In the face of the global infectious disease disaster of Covid-19, the value of sharing and opening up the knowledge he has fought for his whole life is becoming more urgent. The vaccine was developed with huge public funding, but the greed of large pharmaceutical companies and vaccine nationalism have prevented the people of poor countries from accessing the vaccine. Sadly, he is not with us now, as international voices call for a waiver of the WTO’s intellectual property provisions.

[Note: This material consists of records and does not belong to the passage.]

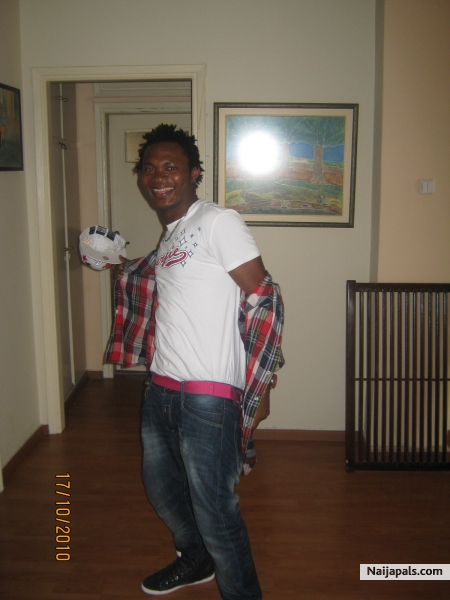  - click for next photo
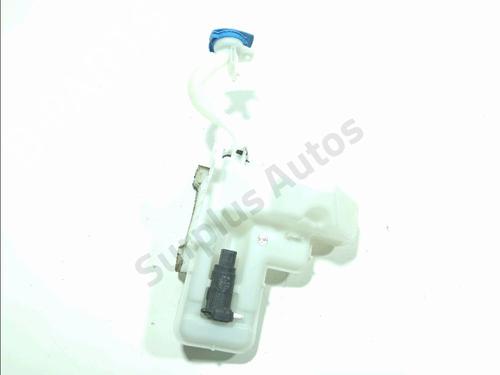Used Windscreen washer tank Windscreen washer tank 39525204 39525204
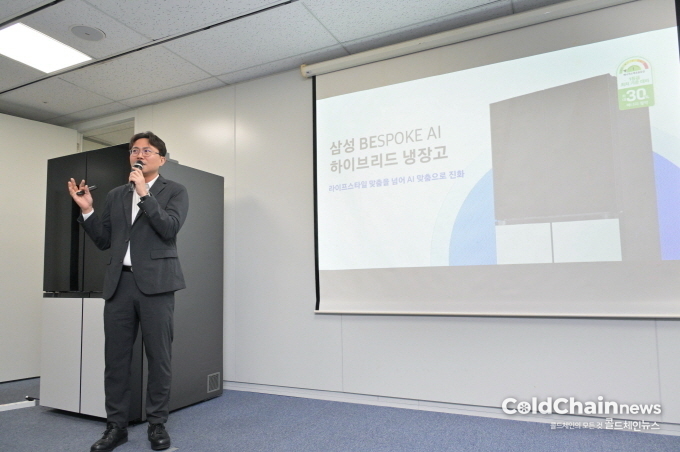 삼성전자 냉장고 미디어 브리핑에서 삼성전자 선행개발팀 위훈 부사장이 ‘비스포크 AI 하이브리드’ 냉장고를 설명하고 있다.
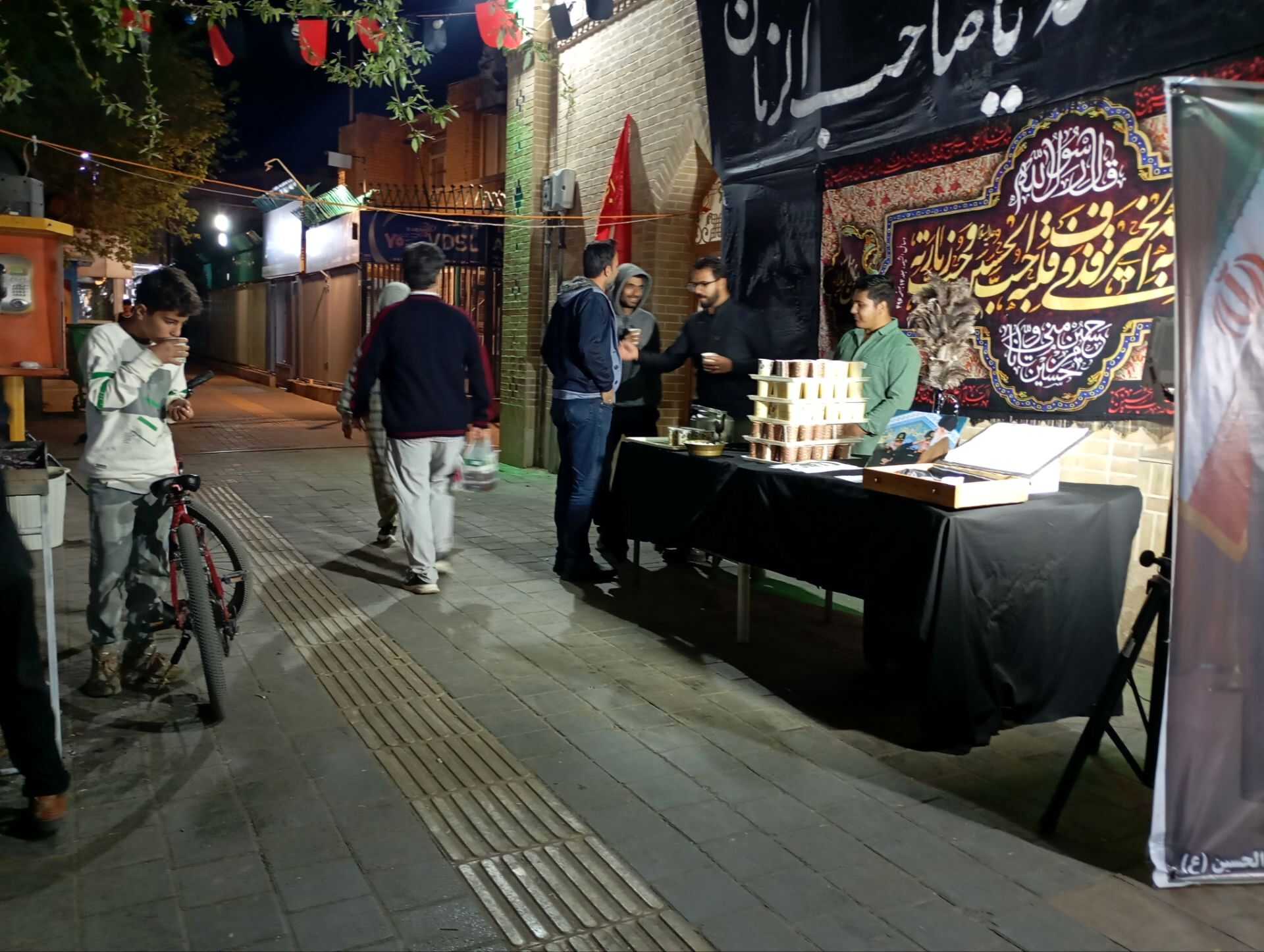 موکب چایخانه در شبهای تجمعات مردمی در نیشابور 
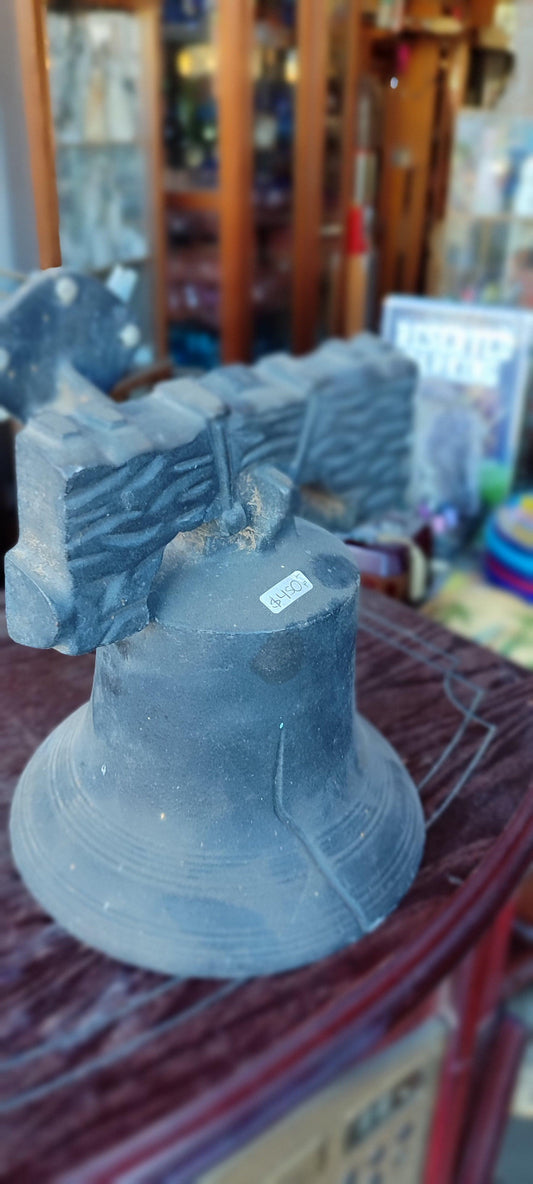 campana de hierro fundido - Antiques Bazaar Ensenada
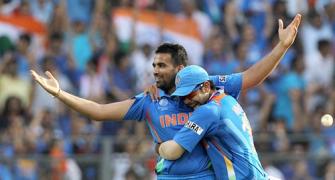 Zaheer is Sachin of our bowling unit: Dhoni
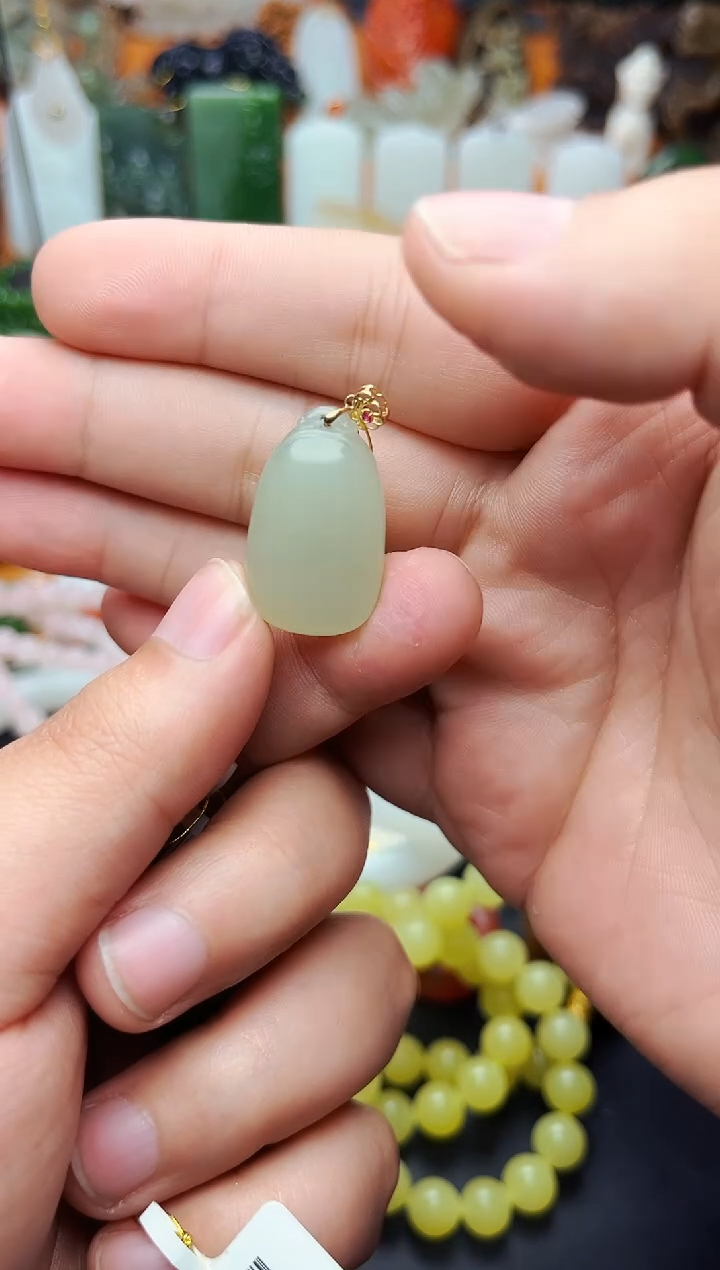 【闪购商品】和田玉颈饰18K金镶嵌面包牌01 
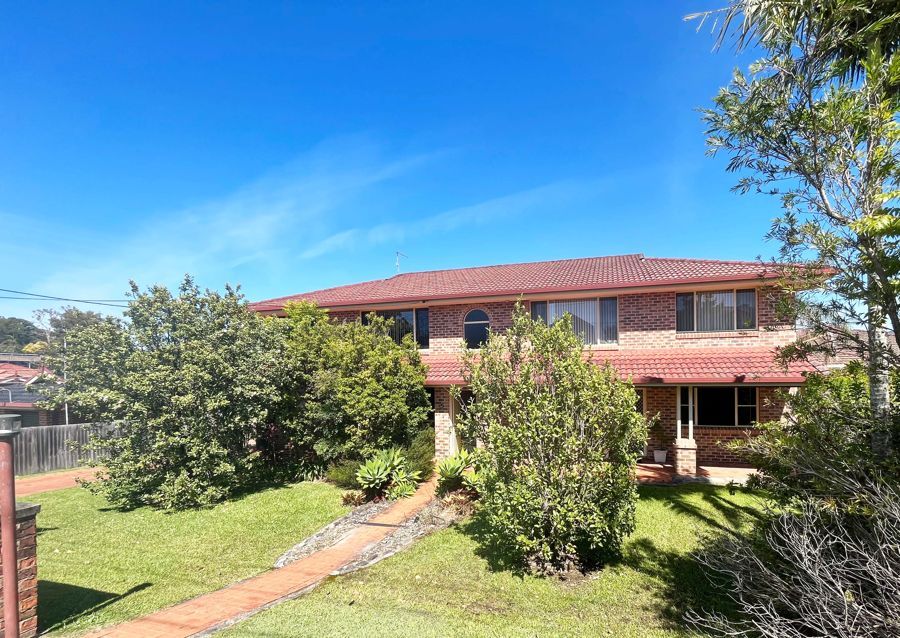 2 bedrooms Apartment / Unit / Flat in 3/31 Wybalena Crescent TOORMINA NSW, 2452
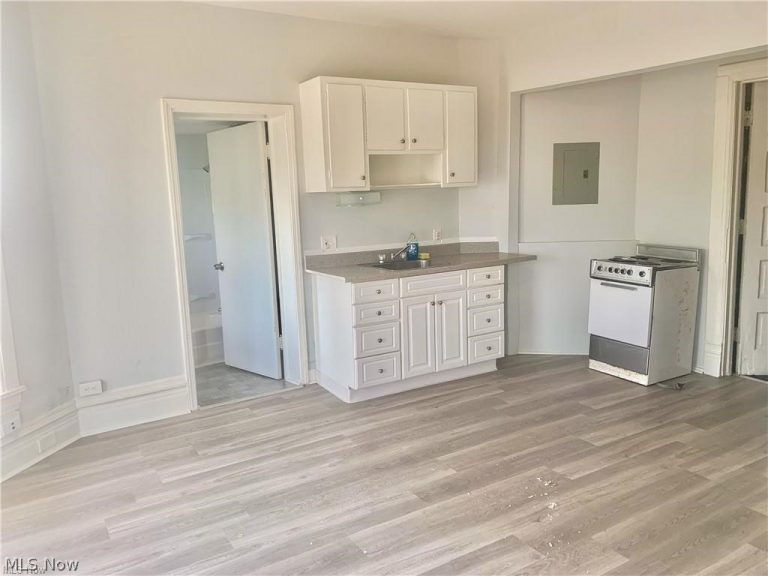 3634 Bosworth Road, Cleveland, OH - Photo 4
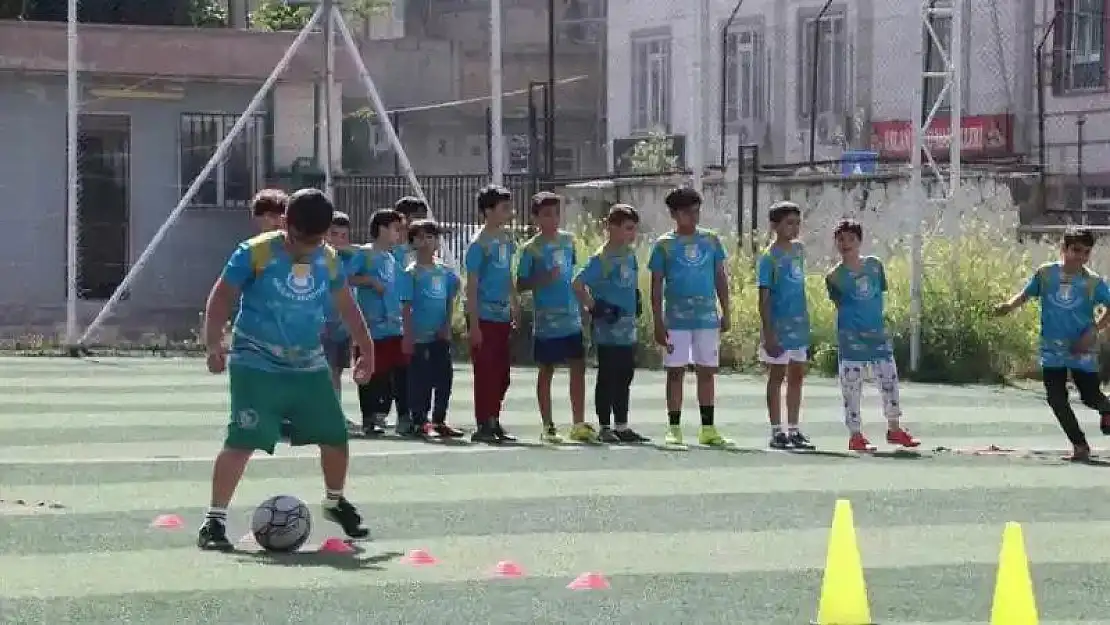 Haliliye Belediyesi Futbol Okulu ile genç yetenekler yetişiyor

Earlier this year, he prepared a series of special lectures on intellectual property rights to restore the public nature of medical technology and overcome the pandemic. The moment I read the publicity letter, I had an intuition that this special lecture was his last business. This is because he had been battling cancer for several years and heard that the situation had worsened recently. Field coughed throughout the lecture and his voice faded, but he tried to explain a little more of what he knew.
I have known him for 20 years, but I couldn’t keep up with his knowledge and passion. He must have been very upset. No one can replace him, but all of us who know him must carry on his work.
I would like to borrow this space to deliver my final greetings to Heesob, a respected comrade and beloved senior. ’Hyung, I want you to put everything down and rest well.’